| TRY IT |
Write out every record below exactly as given. Leave the pictures out.

| LISTED RECORDS |

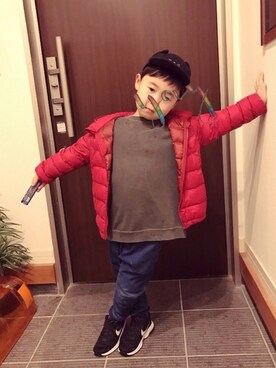 「ネコ」｜「アイテム（ニットキャップ/ビーニー）」を使った、Hinaさん（キッズ・110cm）の冬コーディネート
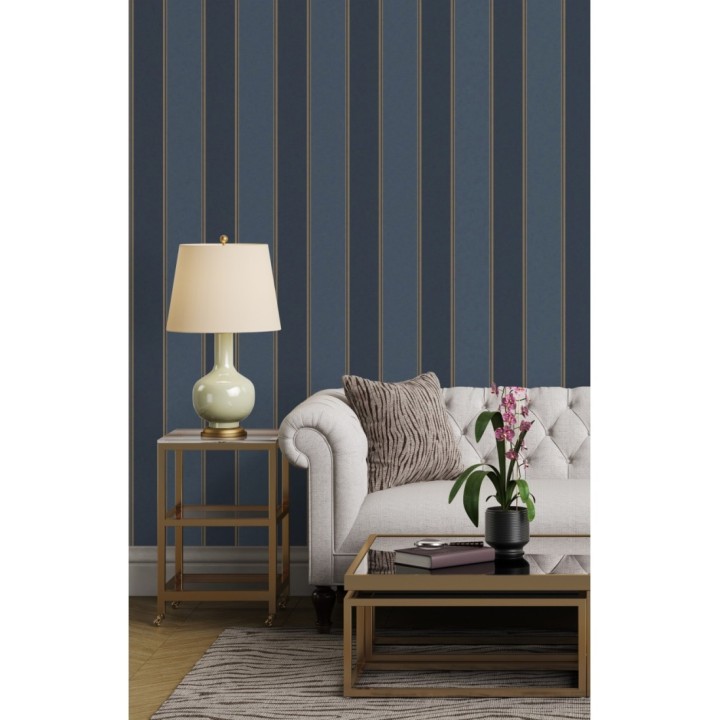 Papel pintado de rayas modernas con pequeños detalles metalizados - James Stripes 681247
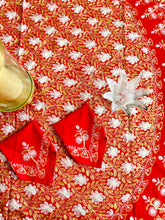 Load image into Gallery viewer, Round Table Cover. Diameter: 78 inches Approx'. Aghabani Oriental for Round Tables. Red background with Gold & White Silk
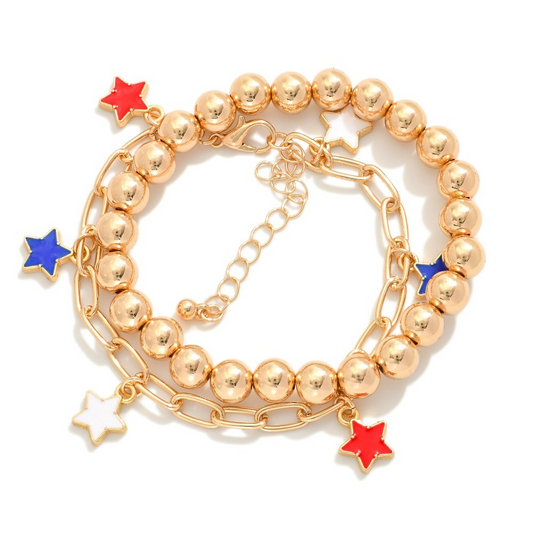 Set Of Two Beaded Stretch & Chain Link Bracelets Featuring Enamel Star Charms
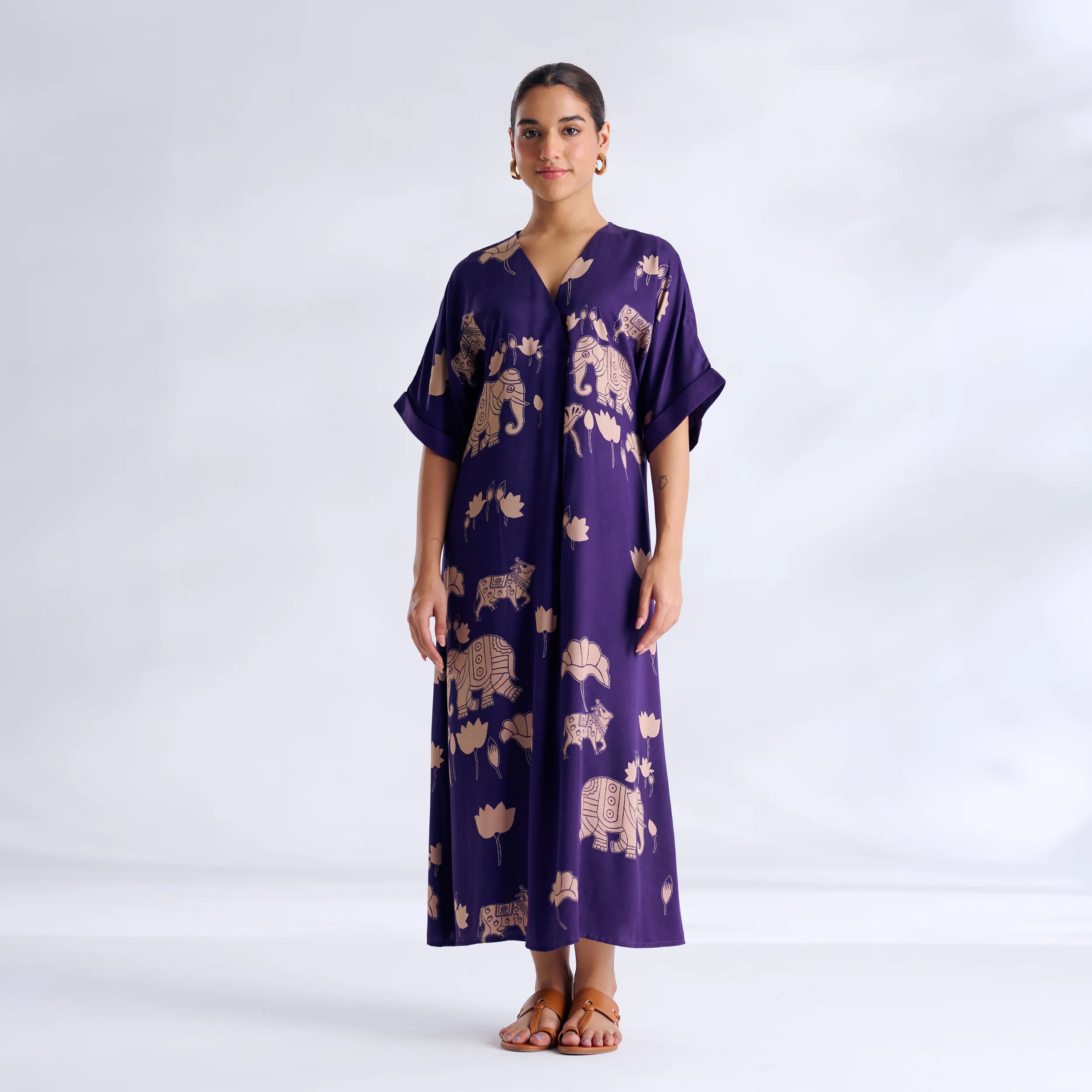 Ele Fun Modal Satin Dress - Violet - Image 3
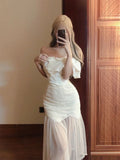 Vevesc  French Sexy Matching Sets Slash Neck Ruffles Sleeveless Crop Tops High Waist Gauze Patchwork Skirt Summer Elegant Women Clothing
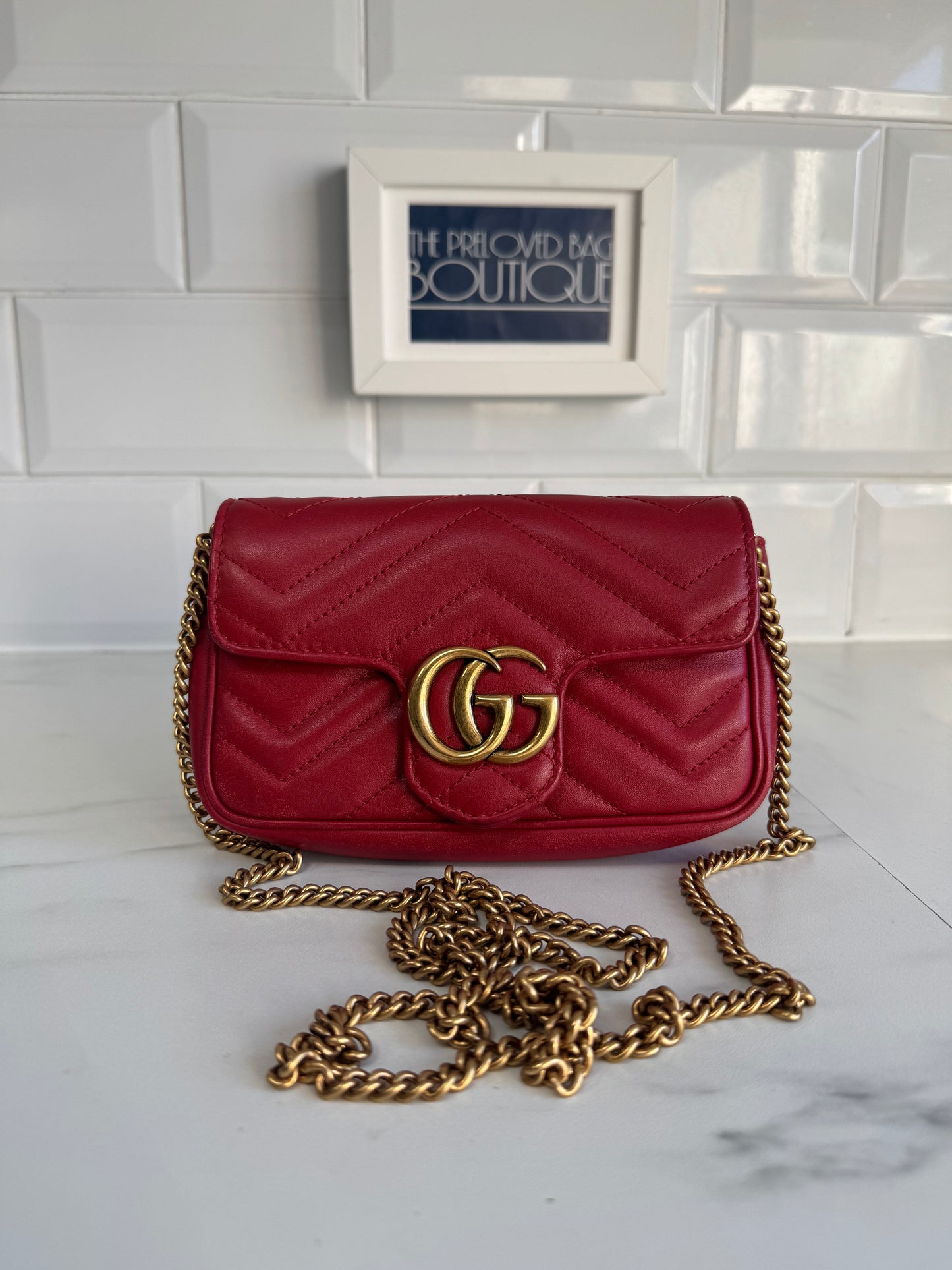 Gucci Super Mini Marmont - Red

| ANSWER SPACE |
 「ネコ」｜「アイテム（ニットキャップ/ビーニー）」を使った、Hinaさん（キッズ・110cm）の冬コーディネート
 Papel pintado de rayas modernas con pequeños detalles metalizados - James Stripes 681247
 Load image into Gallery viewer, Round Table Cover. Diameter: 78 inches Approx'. Aghabani Oriental for Round Tables. Red background with Gold & White Silk
 Set Of Two Beaded Stretch & Chain Link Bracelets Featuring Enamel Star Charms
 Ele Fun Modal Satin Dress - Violet - Image 3
 Vevesc  French Sexy Matching Sets Slash Neck Ruffles Sleeveless Crop Tops High Waist Gauze Patchwork Skirt Summer Elegant Women Clothing
 Gucci Super Mini Marmont - Red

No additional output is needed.